Monday, August 15, 2016

Zika chants still trolling U.S. athletes, post-Hope Solo

LEON NEAL/AFP/Getty Images
Phil Dalhausser of Team USA held the ball in his hand as the rest of the beach volleyball players prepared themselves for his serve. The Brazilian fans at the Copacabana Beach stadium let out a cheer: ‘Ohhhhhhhhhh!’
They kept it going until Dalhausser jumped and hit the ball, like an American football crowd getting revved up before a kickoff. And then, in unison, they completed the cheer:
‘….ohhhhhhhhhhhhh ZIKA!”
And thus, the trolling of American athletes continued.
“I was telling him, I didn’t realize that’s what they were saying,” said Nick Lucena, Dalhausser’s teammate.
“I wish someone would have told me that. I would have pretended I was spraying myself in bug spray,” said Dalhausser, mimicking the action with his arms.
As the Games have progressed, this has become a national mockery of some U.S. athletes by Brazilian fans: Seizing on the pre-Olympic hysteria over Zika, the mysterious virus spread by mosquitos.
Golfer Jordan Spieth and NBA star Stephen Curry were two athletes who allegedly factored it into their decisions to skip the games. And then one athlete that did decide to go, Hope Solo of the now-eliminated U.S. women’s national soccer team, did this before traveling to Rio:
Hope Solo
Not sharing this!!! Get your own!
And then Brazilian fans responded with this when the Americans began their Rio tournament:
Uai Tevê
Olha aí a torcida mineira pegando no pé da Hope Solo.
They chanted “Zika” and singing “Ole Ole” with Zika inserted into it.
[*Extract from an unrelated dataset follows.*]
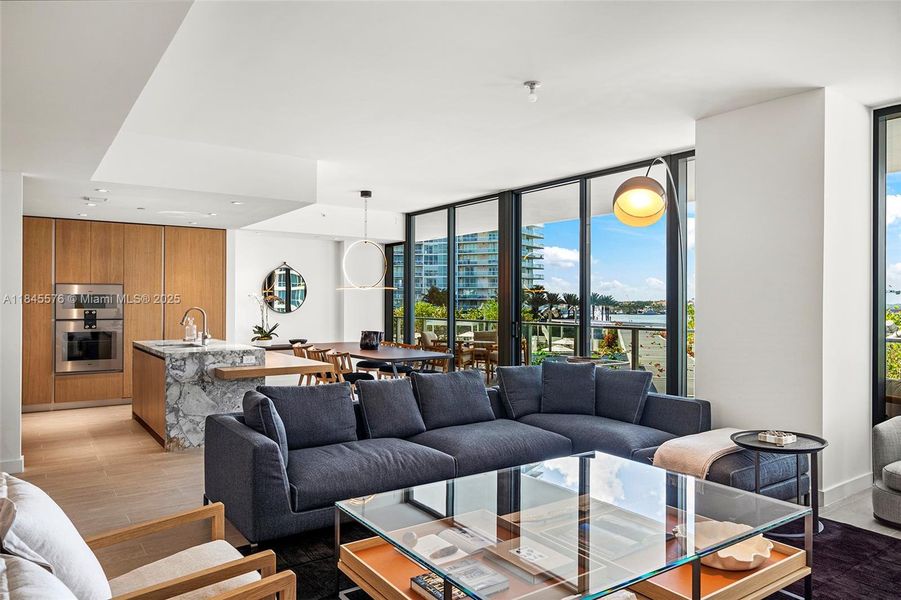 Furnished interior view inside a new home in Five Park, Miami Beach (Image 5). Furnished interior view inside a new home in Five Park, Miami Beach (Image 5).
Even after Solo was ousted from the Games, the chants remain, as Dalhausser and Lucena heard. (Curiously, it’s not evident when American’s Kerri Walsh-Jennings and April Ross play their matches in beach volleyball.)
But this is the kind of passion we’ve seen from Brazilian fans during the course of the Olympics, even if their enthusiasm has at times pushed the envelope so far that the IOC has had to address it.
“What we’re looking for here is to balance passion and good behavior, without killing passion. It’s a process of approaching the fans, discussing things with them, through the media, through the social networks, but we like to have passion around and we like them to be passionate about sport,” said Mario Andrada, Rio 2016 spokesman, early on in the Games. “We’d rather have some passion than none.”
While Solo, Dalhausser and Lucena were singled out, Brazilian have also spread the “Zika!” chant to other rivals, using it at a recent men’s soccer match against Colombia.